As we know, Bell number can be given using two formula
$B_N=\sum_{k=0}^{N-1}C_{N-1}^{k}B_k$ (recursive)
$B_N=e^{-1}\sum_{k=0}^{\infty}\frac{k^N}{k!}$ (Dobinski's formula)
Now I want to substitute Dobinski's formula into recursive one to validate it is valid.
Here is what I do
$$ \begin{align} B_N&=\sum_{k=0}^{N-1}C_{N-1}^{k}B_k \\ &=\sum_{k=0}^{N-1}C_{N-1}^{k}(e^{-1}\sum_{i=0}^{\infty}\frac{i^k}{i!}) \\ &=e^{-1}\sum_{i=0}^{\infty}\frac{1}{i!}(\sum_{k=0}^{N-1}C_{N-1}^{k}i^k) \\ &=e^{-1}\sum_{i=0}^{\infty}\frac{(i+1)^{N-1}}{i!} \\ &=e^{-1}\sum_{i=0}^{\infty}\frac{(i+1)^N}{(i+1)!} \\ &=e^{-1}\sum_{k=0}^{\infty}\frac{(k+1)^N}{(k+1)!} \\ ?&=e^{-1}\sum_{k=0}^{\infty}\frac{k^N}{k!} \end{align} $$
But I have no idea how to deal with the line with a question sign? Thank you very much!

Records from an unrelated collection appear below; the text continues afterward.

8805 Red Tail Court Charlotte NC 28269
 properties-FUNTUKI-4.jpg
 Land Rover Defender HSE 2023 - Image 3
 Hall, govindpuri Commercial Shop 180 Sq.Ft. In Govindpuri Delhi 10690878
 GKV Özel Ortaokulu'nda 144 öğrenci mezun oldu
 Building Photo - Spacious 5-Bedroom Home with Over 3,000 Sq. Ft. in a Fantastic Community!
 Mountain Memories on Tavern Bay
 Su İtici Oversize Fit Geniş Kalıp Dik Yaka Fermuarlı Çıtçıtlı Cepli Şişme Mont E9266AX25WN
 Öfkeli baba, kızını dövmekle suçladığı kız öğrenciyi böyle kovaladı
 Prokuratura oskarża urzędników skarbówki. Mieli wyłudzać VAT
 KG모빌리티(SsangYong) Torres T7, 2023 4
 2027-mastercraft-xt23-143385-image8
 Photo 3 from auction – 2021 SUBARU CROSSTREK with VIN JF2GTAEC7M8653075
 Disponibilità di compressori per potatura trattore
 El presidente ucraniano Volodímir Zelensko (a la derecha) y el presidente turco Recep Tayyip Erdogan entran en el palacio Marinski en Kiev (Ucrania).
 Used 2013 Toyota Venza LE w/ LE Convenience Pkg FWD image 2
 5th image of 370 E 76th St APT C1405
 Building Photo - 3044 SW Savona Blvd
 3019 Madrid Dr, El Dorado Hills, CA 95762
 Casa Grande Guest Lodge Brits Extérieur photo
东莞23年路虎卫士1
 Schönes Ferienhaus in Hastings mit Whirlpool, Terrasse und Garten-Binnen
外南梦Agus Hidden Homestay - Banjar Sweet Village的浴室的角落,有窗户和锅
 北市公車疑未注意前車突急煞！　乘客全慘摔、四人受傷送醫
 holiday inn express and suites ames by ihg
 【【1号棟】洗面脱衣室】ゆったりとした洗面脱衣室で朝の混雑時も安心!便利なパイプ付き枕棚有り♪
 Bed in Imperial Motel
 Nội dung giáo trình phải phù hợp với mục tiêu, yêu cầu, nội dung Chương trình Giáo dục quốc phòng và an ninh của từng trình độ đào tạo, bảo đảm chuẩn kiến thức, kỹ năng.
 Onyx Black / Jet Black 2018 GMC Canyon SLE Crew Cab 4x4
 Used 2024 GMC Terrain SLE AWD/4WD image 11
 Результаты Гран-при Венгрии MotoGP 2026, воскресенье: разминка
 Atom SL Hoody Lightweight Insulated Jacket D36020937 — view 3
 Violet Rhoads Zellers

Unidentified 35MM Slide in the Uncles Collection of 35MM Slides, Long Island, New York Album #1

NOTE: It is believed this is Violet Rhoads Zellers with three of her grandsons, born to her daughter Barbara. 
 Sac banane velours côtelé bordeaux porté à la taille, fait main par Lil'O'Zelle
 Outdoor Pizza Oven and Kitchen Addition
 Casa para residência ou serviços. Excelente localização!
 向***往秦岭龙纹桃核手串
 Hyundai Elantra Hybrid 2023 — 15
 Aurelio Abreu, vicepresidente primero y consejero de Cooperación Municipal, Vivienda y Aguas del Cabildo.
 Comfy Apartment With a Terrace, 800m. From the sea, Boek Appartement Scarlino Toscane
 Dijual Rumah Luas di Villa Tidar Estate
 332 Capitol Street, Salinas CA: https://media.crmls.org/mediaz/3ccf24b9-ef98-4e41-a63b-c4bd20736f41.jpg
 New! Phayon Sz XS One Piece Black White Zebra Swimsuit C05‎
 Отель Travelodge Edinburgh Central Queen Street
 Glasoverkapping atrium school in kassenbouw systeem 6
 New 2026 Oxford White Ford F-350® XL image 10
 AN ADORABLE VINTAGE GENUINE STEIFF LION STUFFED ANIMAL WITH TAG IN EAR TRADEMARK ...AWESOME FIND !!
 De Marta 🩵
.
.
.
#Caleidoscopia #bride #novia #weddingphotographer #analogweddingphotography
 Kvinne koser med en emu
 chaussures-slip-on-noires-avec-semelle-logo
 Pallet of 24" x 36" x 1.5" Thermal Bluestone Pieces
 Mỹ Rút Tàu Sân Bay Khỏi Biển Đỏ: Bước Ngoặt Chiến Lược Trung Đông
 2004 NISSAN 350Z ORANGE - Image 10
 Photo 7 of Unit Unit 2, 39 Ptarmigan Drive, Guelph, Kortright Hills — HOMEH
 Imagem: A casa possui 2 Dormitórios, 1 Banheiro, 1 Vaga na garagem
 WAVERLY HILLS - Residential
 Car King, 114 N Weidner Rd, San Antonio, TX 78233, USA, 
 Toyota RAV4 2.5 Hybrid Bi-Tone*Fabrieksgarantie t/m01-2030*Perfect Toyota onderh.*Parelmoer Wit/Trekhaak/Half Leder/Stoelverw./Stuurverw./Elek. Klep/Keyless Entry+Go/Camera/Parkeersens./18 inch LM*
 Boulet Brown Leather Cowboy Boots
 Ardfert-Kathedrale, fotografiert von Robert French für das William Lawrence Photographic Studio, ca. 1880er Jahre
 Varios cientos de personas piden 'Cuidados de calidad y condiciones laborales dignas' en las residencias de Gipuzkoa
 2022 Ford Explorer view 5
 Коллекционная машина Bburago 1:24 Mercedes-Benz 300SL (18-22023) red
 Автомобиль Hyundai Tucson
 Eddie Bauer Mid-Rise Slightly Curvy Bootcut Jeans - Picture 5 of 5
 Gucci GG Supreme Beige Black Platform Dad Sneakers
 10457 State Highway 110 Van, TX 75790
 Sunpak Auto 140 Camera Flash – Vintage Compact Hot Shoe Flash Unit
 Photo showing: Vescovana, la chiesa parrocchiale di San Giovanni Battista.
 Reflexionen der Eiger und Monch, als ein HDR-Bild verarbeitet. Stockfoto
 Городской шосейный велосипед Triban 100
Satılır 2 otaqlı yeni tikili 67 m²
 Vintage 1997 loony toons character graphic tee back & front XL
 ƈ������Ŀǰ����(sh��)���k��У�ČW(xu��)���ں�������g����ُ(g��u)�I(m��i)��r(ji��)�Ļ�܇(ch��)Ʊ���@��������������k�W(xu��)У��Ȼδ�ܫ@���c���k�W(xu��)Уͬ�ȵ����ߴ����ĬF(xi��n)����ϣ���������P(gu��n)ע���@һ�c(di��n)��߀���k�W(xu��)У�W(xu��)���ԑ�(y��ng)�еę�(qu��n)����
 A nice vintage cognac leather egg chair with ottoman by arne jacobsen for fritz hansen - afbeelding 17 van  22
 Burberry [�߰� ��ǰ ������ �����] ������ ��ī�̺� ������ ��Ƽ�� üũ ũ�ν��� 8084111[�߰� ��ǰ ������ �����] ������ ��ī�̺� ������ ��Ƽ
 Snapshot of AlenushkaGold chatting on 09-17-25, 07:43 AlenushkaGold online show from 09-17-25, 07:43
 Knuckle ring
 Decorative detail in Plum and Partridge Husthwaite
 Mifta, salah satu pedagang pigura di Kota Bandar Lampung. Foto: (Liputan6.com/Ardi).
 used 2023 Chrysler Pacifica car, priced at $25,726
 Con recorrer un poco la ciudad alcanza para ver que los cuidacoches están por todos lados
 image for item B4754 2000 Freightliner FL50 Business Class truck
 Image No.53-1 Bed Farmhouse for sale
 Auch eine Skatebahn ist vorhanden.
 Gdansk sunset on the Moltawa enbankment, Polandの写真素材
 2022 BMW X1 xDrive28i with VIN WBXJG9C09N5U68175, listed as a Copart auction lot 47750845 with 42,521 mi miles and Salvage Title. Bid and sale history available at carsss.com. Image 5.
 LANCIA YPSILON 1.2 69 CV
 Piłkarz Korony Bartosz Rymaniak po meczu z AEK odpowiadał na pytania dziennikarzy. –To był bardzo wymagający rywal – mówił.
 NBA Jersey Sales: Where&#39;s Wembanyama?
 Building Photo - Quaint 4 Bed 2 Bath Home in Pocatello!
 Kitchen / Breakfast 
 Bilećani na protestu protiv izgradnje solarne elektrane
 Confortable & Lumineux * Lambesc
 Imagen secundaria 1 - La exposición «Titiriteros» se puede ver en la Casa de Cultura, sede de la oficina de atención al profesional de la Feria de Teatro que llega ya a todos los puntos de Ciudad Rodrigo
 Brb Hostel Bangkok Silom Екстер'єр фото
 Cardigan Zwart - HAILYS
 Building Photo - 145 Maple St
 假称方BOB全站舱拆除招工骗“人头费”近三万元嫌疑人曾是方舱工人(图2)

Thanks for the clarification given in the comments, using $$j = k + 1$$ and $$\frac{0^N}{0!}=0$$, we have $$ \begin{align} &=e^{-1}\sum_{k=0}^{\infty}\frac{(k+1)^N}{(k+1)!} \\ &=e^{-1}\sum_{j=1}^{\infty}\frac{j^N}{j!} \\ &=e^{-1}(0 + \sum_{j=1}^{\infty}\frac{j^N}{j!}) \\ &=e^{-1}\sum_{k=0}^{\infty}\frac{j^N}{j!} \\ &=e^{-1}\sum_{k=0}^{\infty}\frac{k^N}{k!} \\ &=B_N \end{align} $$